Когда санитары несут меня на носилках по коридору, навстречу попадается Елизавета Архиповна. Она уже не предлагает работать дневальным, но каждый раз, останавливаясь, спрашивает, что со мной на этот раз, и грустно повторяет:
– Зачем вы так…
В сусуманской райбольнице, построенной заключенными в 30-х годах человек на триста, работало несколько вольнонаемных врачей, остальные врачи – заключенные. А люди среди них встречались интересные.
Мне запомнился Михал Михалыч, родом из Армении, в свое время знаменитый московский хирург. Говорят, он работал в Кремле и лечил вождей. Его посадили в 1937 году. Он обращался к другим заключенным исключительно на «вы» и никогда не повышал голос. Многих врачей заключенные называли, как принято – «лепило», но Михал Михалыч был одним из немногих, кого так назвать не поворачивался язык. Однажды к нему попал наш солагерник из Перспективного с ножом в сердце. У парня не было шансов. Его уже готовились списать и вывозить труп. Он оказался на операционном столе у Михал Михалыча. И остался жив.
С Михал Михалычем связана одна история.
Меня выписывают из райбольницы. У ворот два крытых грузовика, конвой, собаки. В открытую дверь кидаю телогрейку и вскакиваю в кузов. Я недоумеваю, чувствую, что этап какой-то необычный. Спрашиваю: куда везут? Заключенные отвечают: на Широкий или на Ленковый. Меня бросает в жар. Оба этих лагеря – из самых страшных. На Ленковом – беспредельщики, приговорившие меня к смерти. Пытаюсь спрыгнуть на землю, солдат-казах с автоматом преграждает путь. «Подожди…», – отталкиваю я его. «Что – подожди?» – «Я больной!» – «Был больной, лежал в больнице!»

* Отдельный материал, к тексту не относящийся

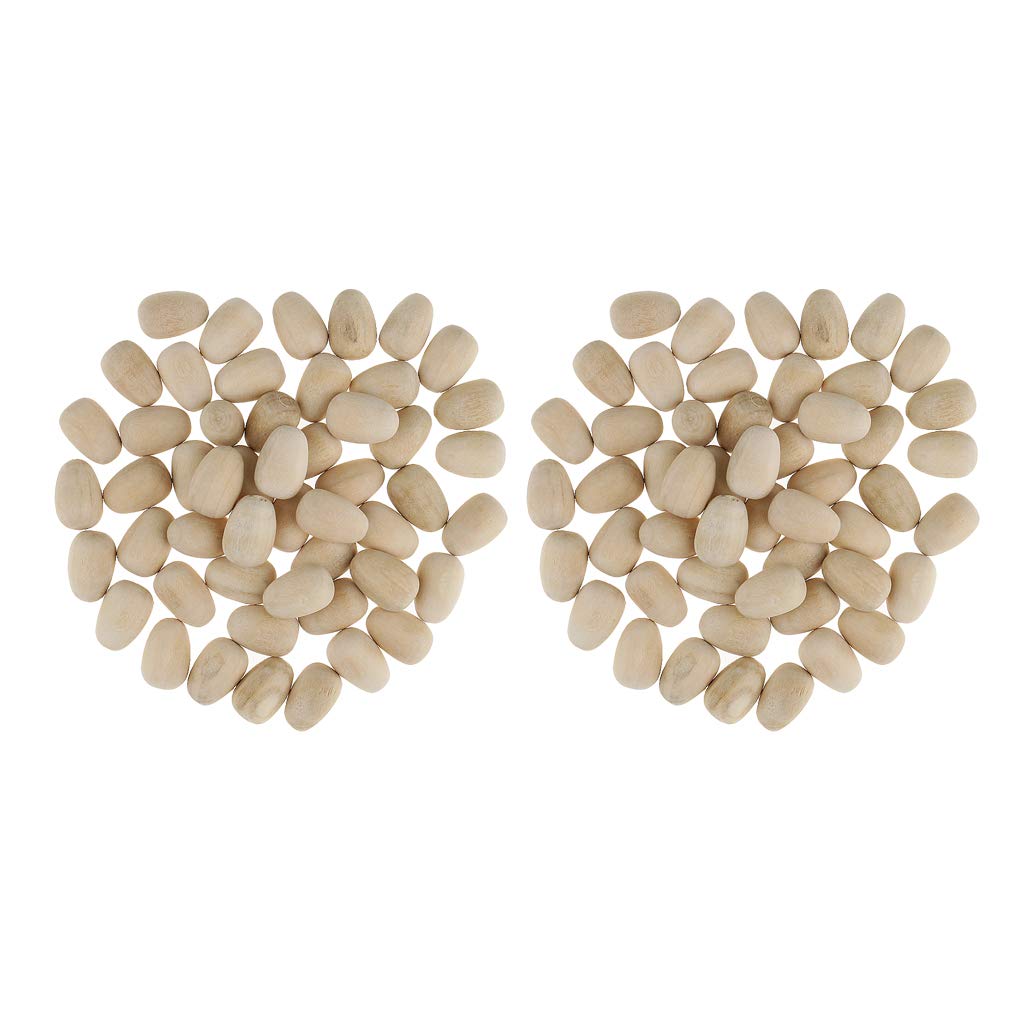 100pcs Unfinished Wooden Eggs - Natural Wood Easter Decorations for DIY Crafting, Painting & Home Decor - Perfect for Easter Basket Fillers, Spring Centerpieces & Holiday Crafts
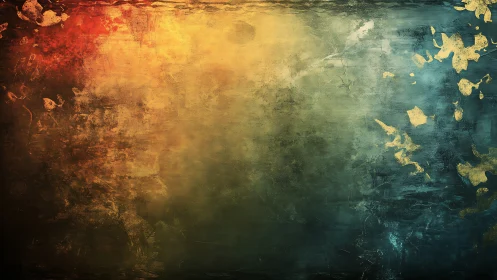 Glowing gradient wall of weathered red, gold, and teal hues.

В голове моментально проносится, что меня ждет. Я бью казаха не в челюсть, а пониже – в горло. Он падает на спину, я спрыгиваю. Охрана стреляет в воздух, спускают собаку, но громадная псина, не разобрав, кидается не на меня, а на другого солдата. Наверное, потому, что мы оба в черном – я в телогрейке, а солдат в черном полушубке. Собака ловит солдата за руку, бросается на грудь. Она так мощно валит его с ног, что автомат на ремне крутанулся вокруг шеи. Но вторая собака все-таки хватает мою левую ногу ниже колена. Ноги мои в унтах, мне передал их покойный Миша Константинов, когда мы готовились к побегу, особой боли я не чувствую и бью псу кулаком между ухом и глазом. Пес визжит и отпускает меня. Из помещения высыпают больные, что-то кричат. Не прекращается стрельба. В проходной меня пытаются удержать. Я левой рукой хватаю надзирателя за воротник и так выворачиваю, что у него лопается целлулоидный воротничок. Отталкиваю его и влетаю в больницу, прямо в кабинет главврача Софьи Ивановны Томашевой.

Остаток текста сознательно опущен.